Por muy reservado que quieran mantener el procedimiento, el tema parece estar bastante claro. El Gobierno, yendo a lo práctico, busca incrementar la recaudación de forma inmediata aunque sea a condición de librar de responsabilidad a los defraudadores. Detrás de ello se encuentra la propia desconfianza que tiene en los mecanismos e instrumentos de represión del fraude y de los procedimientos judiciales para perseguir el delito fiscal. Pero esos fallos los conocen también los defraudadores.
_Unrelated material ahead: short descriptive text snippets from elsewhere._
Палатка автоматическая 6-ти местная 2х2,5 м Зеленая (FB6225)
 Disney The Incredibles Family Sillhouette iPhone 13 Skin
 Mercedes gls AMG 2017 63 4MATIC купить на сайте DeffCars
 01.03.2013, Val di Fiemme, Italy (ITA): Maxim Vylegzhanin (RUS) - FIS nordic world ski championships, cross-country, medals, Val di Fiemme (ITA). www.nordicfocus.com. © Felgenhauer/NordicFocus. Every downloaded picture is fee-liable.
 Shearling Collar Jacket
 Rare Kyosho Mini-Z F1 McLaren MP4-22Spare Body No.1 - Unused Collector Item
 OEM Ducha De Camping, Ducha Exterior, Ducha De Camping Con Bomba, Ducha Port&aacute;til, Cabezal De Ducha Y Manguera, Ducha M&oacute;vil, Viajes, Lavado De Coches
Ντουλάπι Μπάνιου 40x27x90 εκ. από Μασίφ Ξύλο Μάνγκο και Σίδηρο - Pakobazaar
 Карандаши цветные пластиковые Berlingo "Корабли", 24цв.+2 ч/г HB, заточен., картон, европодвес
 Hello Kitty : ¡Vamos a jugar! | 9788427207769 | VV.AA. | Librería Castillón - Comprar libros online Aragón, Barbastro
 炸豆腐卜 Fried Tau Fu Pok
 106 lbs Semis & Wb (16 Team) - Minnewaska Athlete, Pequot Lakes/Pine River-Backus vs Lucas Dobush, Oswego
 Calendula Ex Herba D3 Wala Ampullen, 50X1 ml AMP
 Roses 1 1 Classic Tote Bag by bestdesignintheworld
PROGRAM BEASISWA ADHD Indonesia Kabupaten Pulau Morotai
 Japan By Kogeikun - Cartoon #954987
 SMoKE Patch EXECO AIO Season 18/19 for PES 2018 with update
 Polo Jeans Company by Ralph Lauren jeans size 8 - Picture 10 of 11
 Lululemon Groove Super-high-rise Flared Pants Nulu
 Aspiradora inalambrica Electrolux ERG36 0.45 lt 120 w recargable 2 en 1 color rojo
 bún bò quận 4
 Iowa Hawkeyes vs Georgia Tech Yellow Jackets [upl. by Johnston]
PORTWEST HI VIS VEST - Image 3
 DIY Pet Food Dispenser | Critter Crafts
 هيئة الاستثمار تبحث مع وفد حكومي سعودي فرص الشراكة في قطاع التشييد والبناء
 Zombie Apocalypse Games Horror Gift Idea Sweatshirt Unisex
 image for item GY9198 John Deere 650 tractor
De ahí que no estén muy dispuestos a regularizar su situación con el fisco.

 

En España, la lucha contra el fraude fiscal pocas veces se ha tomado en serio, y los pocos pasos dados en ese sentido han venido rápidamente seguidos de una involución que dejaba las cosas peor que antes.

 

Aparte de los esfuerzos por incrementar la conciencia fiscal, la lucha contra el fraude precisa de mecanismos coactivos cuya intensidad debe estar en relación inversa con la probabilidad de que las infracciones sean detectadas. Sólo así tendrán fuerza suficiente. En un sistema fiscal moderno con un número tan elevado de contribuyentes, la administración tributaria únicamente puede ser eficaz si el cumplimiento es generalizado y para ello se precisa que las sanciones sean lo bastante fuertes para desincentivar el fraude y, dada la opacidad que rodea a las operaciones financieras, que los procedimientos de prueba sean flexibles y adaptados a las circunstancias.

 

No deja de ser paradójico que en el ámbito de la Hacienda Pública sanciones del 100% de la cantidad defraudada se consideren abusivas y generen todo tipo de reacciones en contra, mientras que en otros ámbitos como, por ejemplo, el del servicio de estacionamiento vigilado de Madrid se admitan sanciones del 10.000% sin apenas críticas, cuando en este último caso la probabilidad de eludir la vigilancia es casi cero.

 

En el ámbito fiscal las sanciones monetarias -y tanto más cuanto que debido a las distintas reformas han quedado muy reducidas- tienen poca eficacia. Para los grandes defraudadores, que pueden apostar a varias cartas y diversificar el riesgo, únicamente el delito fiscal, el miedo a ir a la cárcel, puede mostrase eficaz. Recuerdo que fue en 1984, cuando parecía que en este país se quería trabajar seriamente contra el fraude fiscal, varios responsables de Hacienda visitamos el Internal Revenue Service (IRS), la administración tributaria de EEUU. Quedamos gratamente sorprendidos del papel que se otorgaba al delito fiscal. Todo el mundo sabe que Al Capone fue a la cárcel por este motivo. Según parece, también allí las cosas han cambiado y la lucha contra el fraude se ha deteriorado desarmando en buena medida al IRS de los medios de que disponía en aquellos momentos.

 

En España el delito fiscal nunca ha funcionado –como no sea como complemento de otros delitos. Se condenan severamente los más pequeños robos, pero parece que robar a la Hacienda Pública, es decir a todos los ciudadanos, no tiene la menor importancia. ¿Nos puede sorprender por tanto que el Gobierno pida por favor a las grandes fortunas, si lo tienen a bien, que regularicen su situación fiscal? ¿Y es de extrañar que éstas declinen cortésmente la invitación? Ya que lo más probable es que todo quede en juego de artificios, no estaría mal que al menos desapareciese el carácter reservado del procedimiento. Sería muy aconsejable que al igual que ocurre con tantos asuntos que cuando interesa se filtran a la prensa, apareciese en ésta el nombre de los defraudadores; al menos así sabríamos  quiénes son los sinvergüenzas y desaparecería la aureola de respetabilidad de la que seguramente gozan.